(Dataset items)
◇ ◇ ◇ ◇ ◇ ◇ ◇
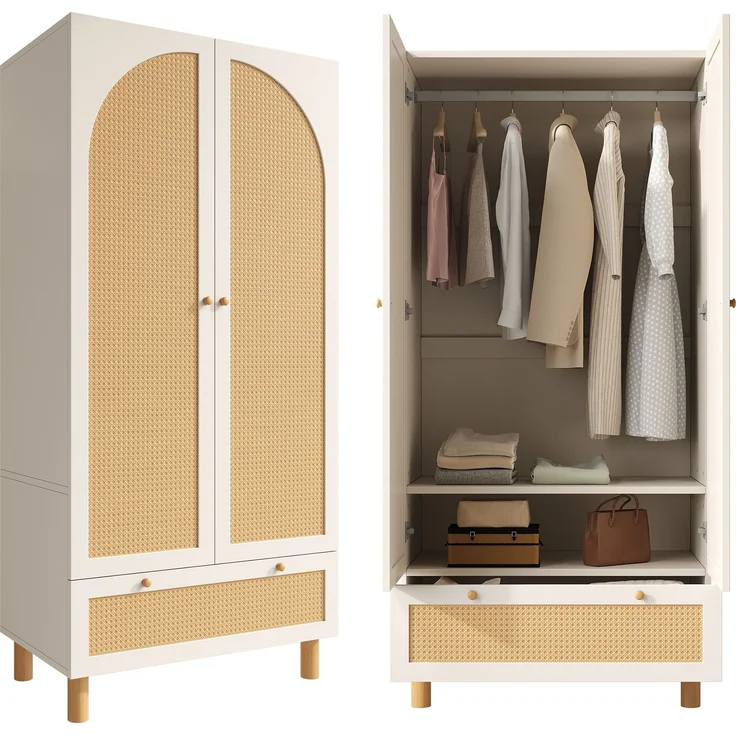 Kleiderschrank Garderobenschrank mit 2 Türen & Rattan, Landhausstil Weiß mit großer Schublade, höhenverstellbaren Regalen & Kleiderstange, Inkl, Kippsicherung, 180x85x52 cm (H/B/T)--Weiß--85.5x52x180.5cm--YOUDENOVA – Bild 6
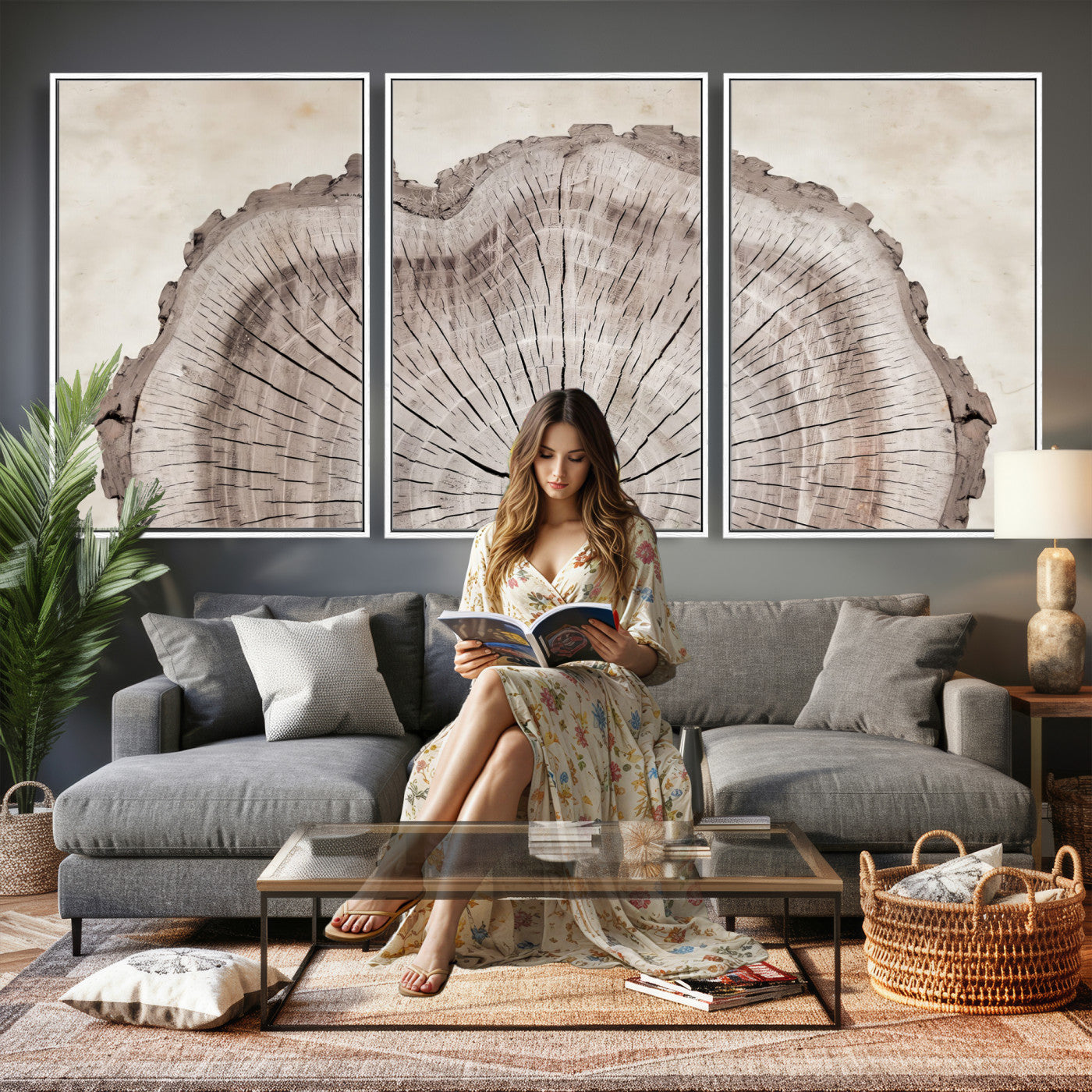 87833480-MGV-CV-60X30-3P - Tree Ring Canvas Wall Art in Neutral Earth Tones, Framed Wood Slice Print for Rustic and Japandi Interiors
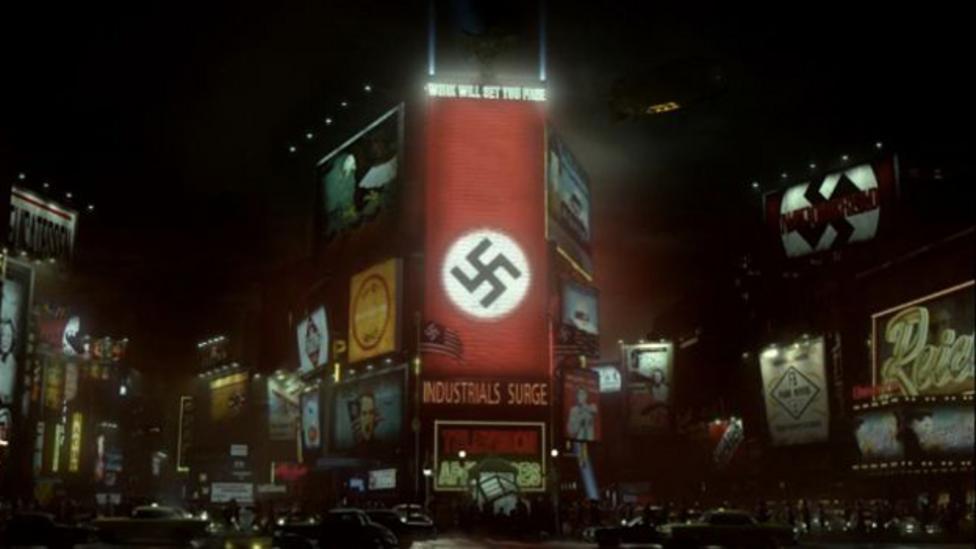 The Man in the High Castle has rendered an extremely detailed alternate history of America under the rule of the Nazis, including a transformed Times Square (Credit: Amazon) The Man in the High Castle has rendered an extremely detailed alternate history of America under the rule of the Nazis, including a transformed Times Square (Credit: Amazon)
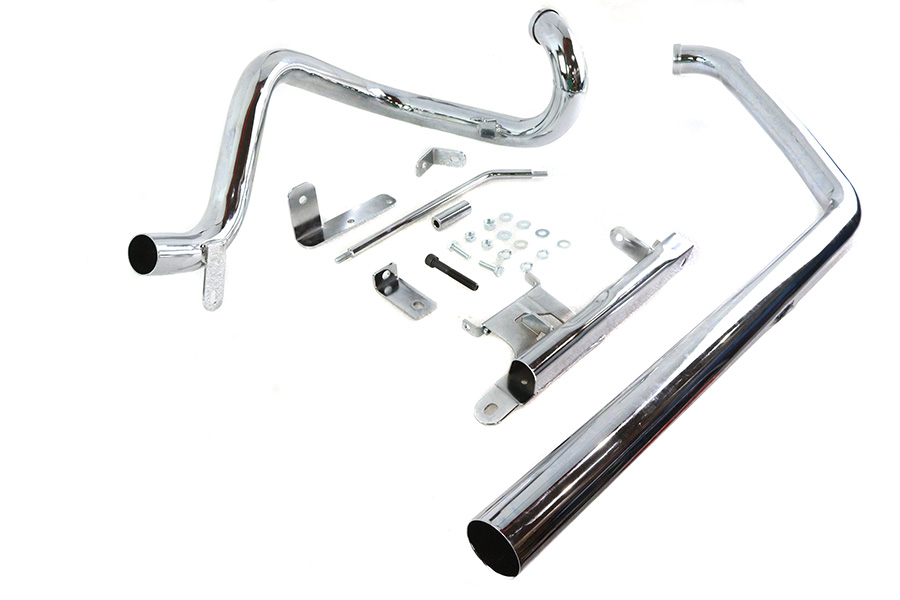 True Dual Exhaust Pipe System Chrome fits Harley Davidson - Zdjęcie 2 z 4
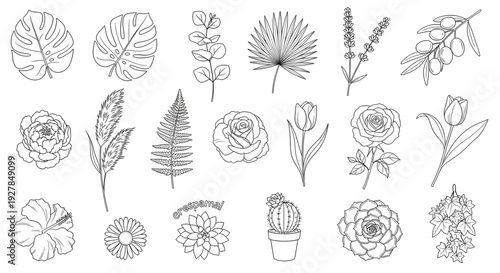 Elegant Botanical Line Art Collection – Luxury Minimal Floral Vector Set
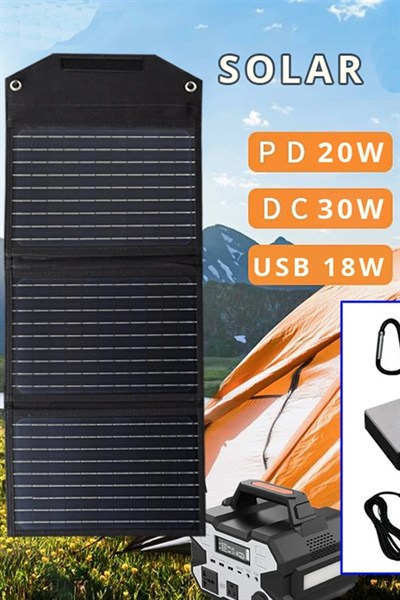 Mey İthalat®  SH-03 30W Hızlı Şarj Taşınabilir Güneş Enerji Paneli Şarj İstasyonu - Siyah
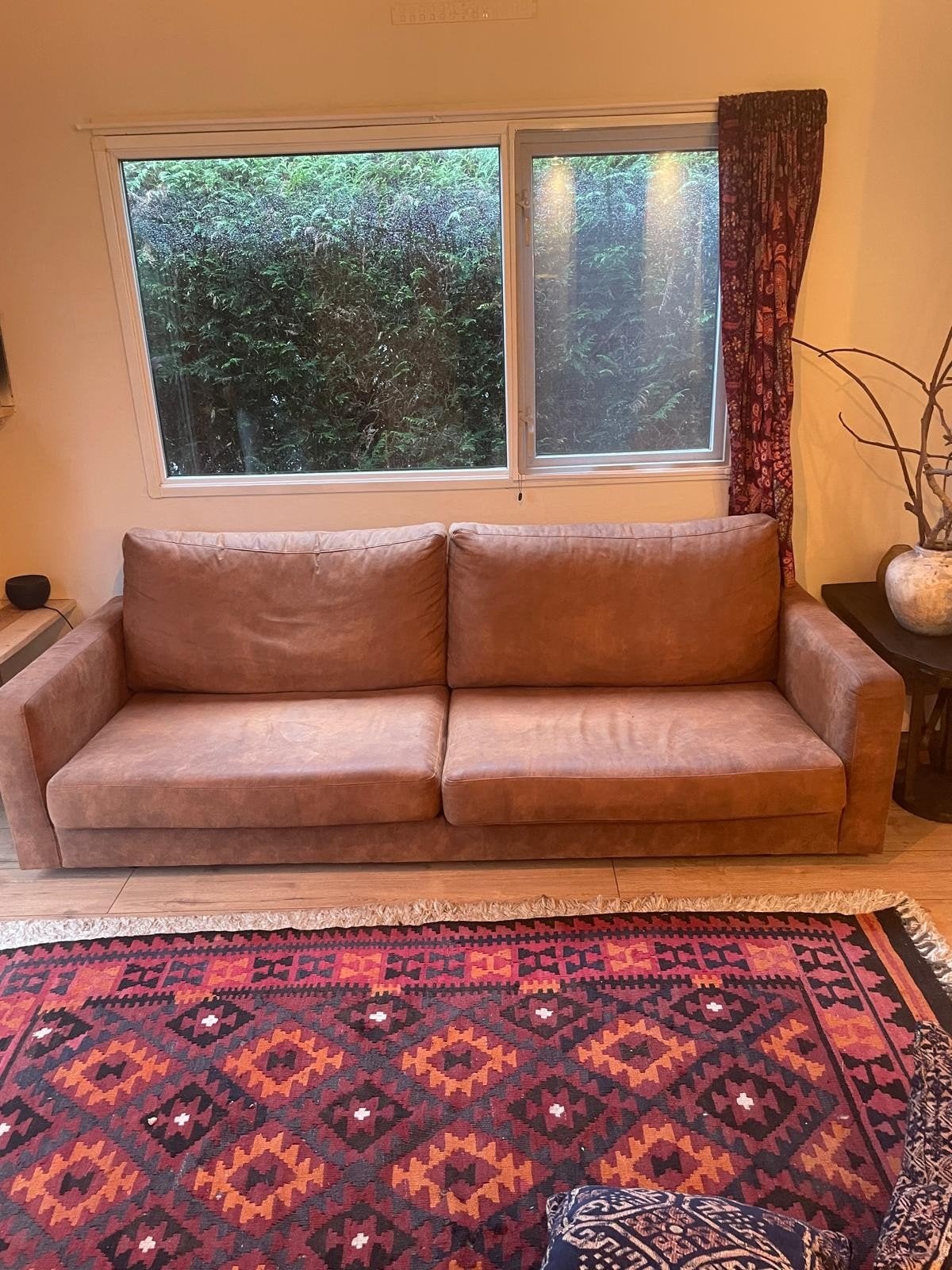 Comfortabele 3-zitsbank in bruin stof, Gebruikt, Ophalen of Verzenden, 200 tot 250 cm, Leer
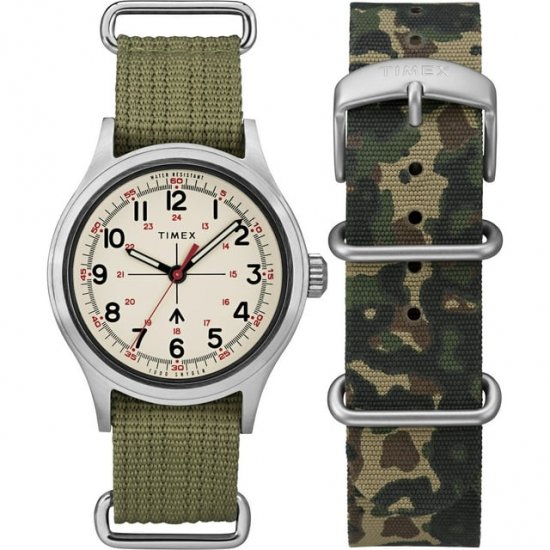 TIMEX TWG017800 TODD SNYDER MILITARY SILVER OLIVE WATCH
◇ ◇ ◇ ◇ ◇ ◇ ◇
Give again, word for word, the lines from the one containing "(Credit: Amazon) The" through the last line of the entries, with pictures omitted and nothing added.

== Solution below ==
 The Man in the High Castle has rendered an extremely detailed alternate history of America under the rule of the Nazis, including a transformed Times Square (Credit: Amazon) The Man in the High Castle has rendered an extremely detailed alternate history of America under the rule of the Nazis, including a transformed Times Square (Credit: Amazon)
 True Dual Exhaust Pipe System Chrome fits Harley Davidson - Zdjęcie 2 z 4
 Elegant Botanical Line Art Collection – Luxury Minimal Floral Vector Set
 Mey İthalat®  SH-03 30W Hızlı Şarj Taşınabilir Güneş Enerji Paneli Şarj İstasyonu - Siyah
 Comfortabele 3-zitsbank in bruin stof, Gebruikt, Ophalen of Verzenden, 200 tot 250 cm, Leer
 TIMEX TWG017800 TODD SNYDER MILITARY SILVER OLIVE WATCH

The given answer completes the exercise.